Claude 3 Haiku: our fastest model yet

Today we’re releasing Claude 3 Haiku, the fastest and most affordable model in its intelligence class. With state-of-the-art vision capabilities and strong performance on industry benchmarks, Haiku is a versatile solution for a wide range of enterprise applications. The model is now available alongside Sonnet and Opus in the Claude API and on for our Claude Pro subscribers.

Speed is essential for our enterprise users who need to quickly analyze large datasets and generate timely output for tasks like customer support. Claude 3 Haiku is three times faster than its peers for the vast majority of workloads, processing 21K tokens (~30 pages) per second for prompts under 32K tokens [1]. It also generates swift output, enabling responsive, engaging chat experiences and the execution of many small tasks in tandem.

Haiku's pricing model, with a 1:5 input-to-output token ratio, was designed for enterprise workloads which often involve longer prompts. Businesses can rely on Haiku to quickly analyze large volumes of documents, such as quarterly filings, contracts, or legal cases, for half the cost of other models in its performance tier. For instance, Claude 3 Haiku can process and analyze 400 Supreme Court cases [2] or 2,500 images [3] for just one US dollar.

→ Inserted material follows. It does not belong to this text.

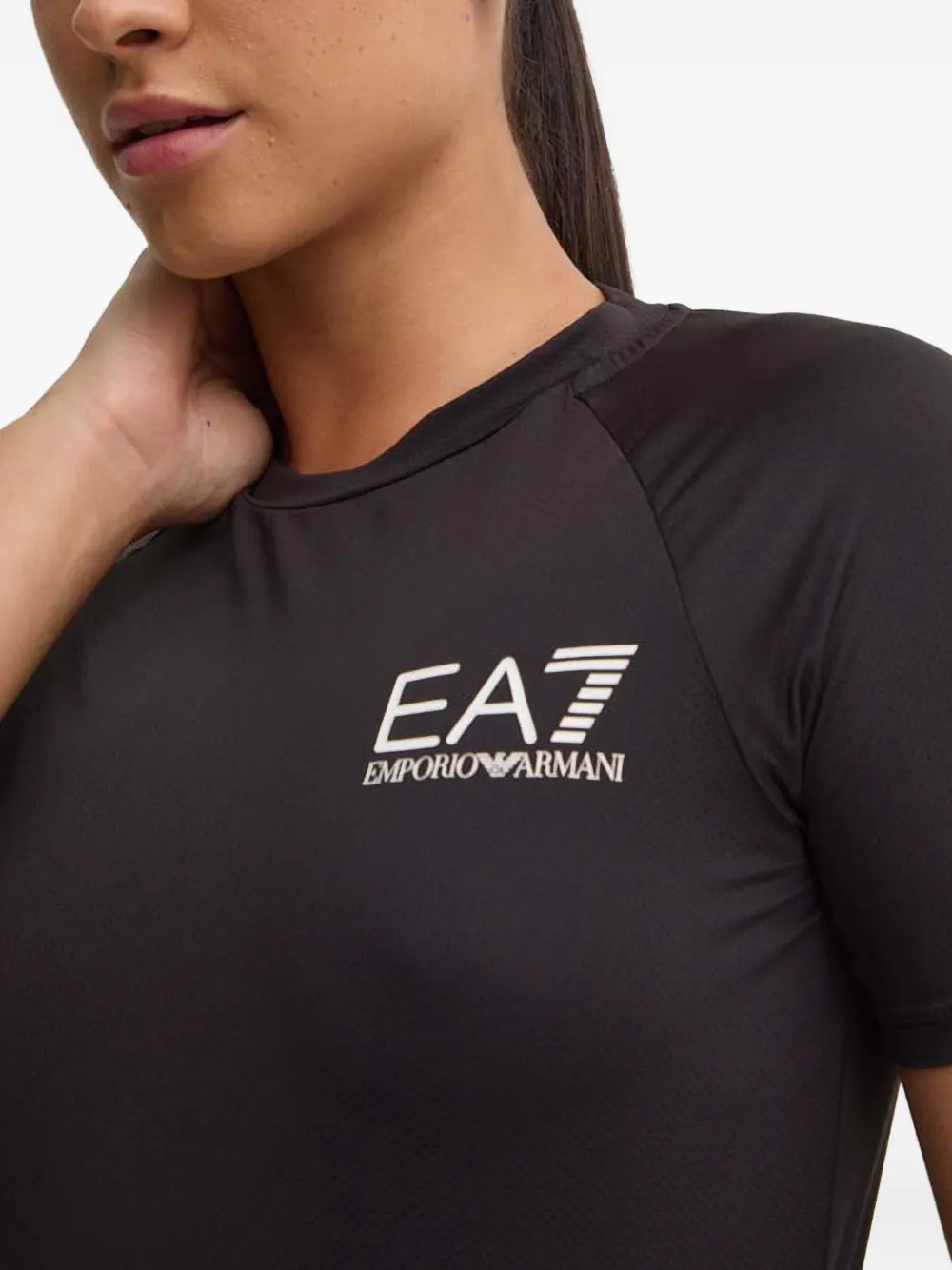 Ea7 Emporio Armani logo-print T-shirt Zwart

Alongside its speed and affordability, Claude 3 Haiku prioritizes enterprise-grade security and robustness. We conduct rigorous testing to reduce the likelihood of harmful outputs and jailbreaks of our models so they are as safe as possible. Additional layers of defense include continuous systems monitoring, endpoint hardening, secure coding practices, strong data encryption protocols, and stringent access controls to protect sensitive data. We also conduct regular security audits and work with experienced penetration testers to proactively identify and address vulnerabilities. More information about these measures can be found in the Claude 3 model card.

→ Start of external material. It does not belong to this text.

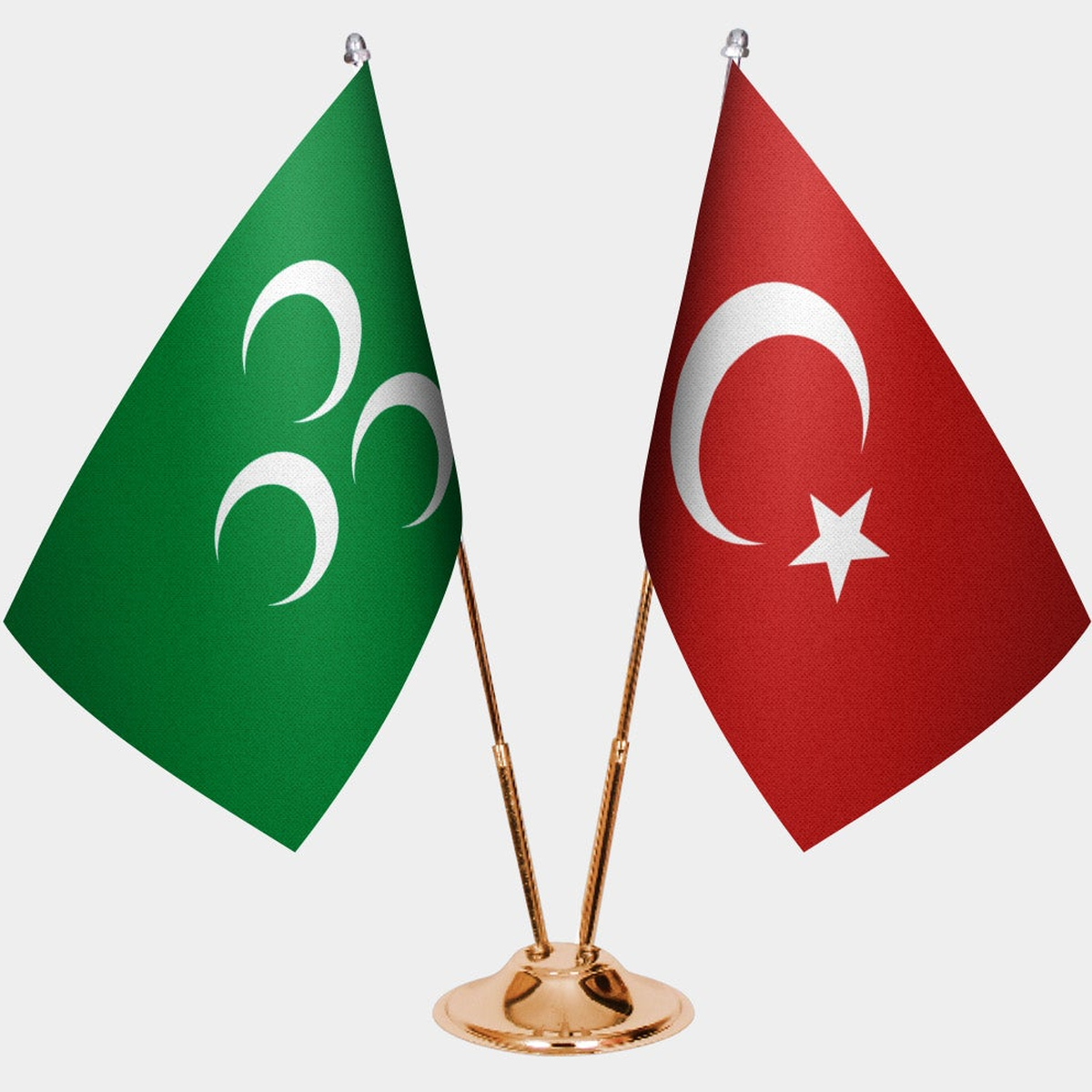 Three Crescents and Türkiye dual desk flag set with gold pedestal, satin office table flag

Starting today, customers can use Claude 3 Haiku through our API or with a Claude Pro subscription on Claude 3 Haiku is available on Amazon Bedrock and will be coming soon to Google Cloud Vertex AI.


[1] Prompts containing over 32K tokens may experience 30-60% slower ingestion speeds, which we expect to improve in the coming weeks. Customers may also experience additional latency when processing images.

[2] Each Supreme Court case is estimated at 10K tokens each. Source.

[3] Each image is estimated at 1.6K tokens.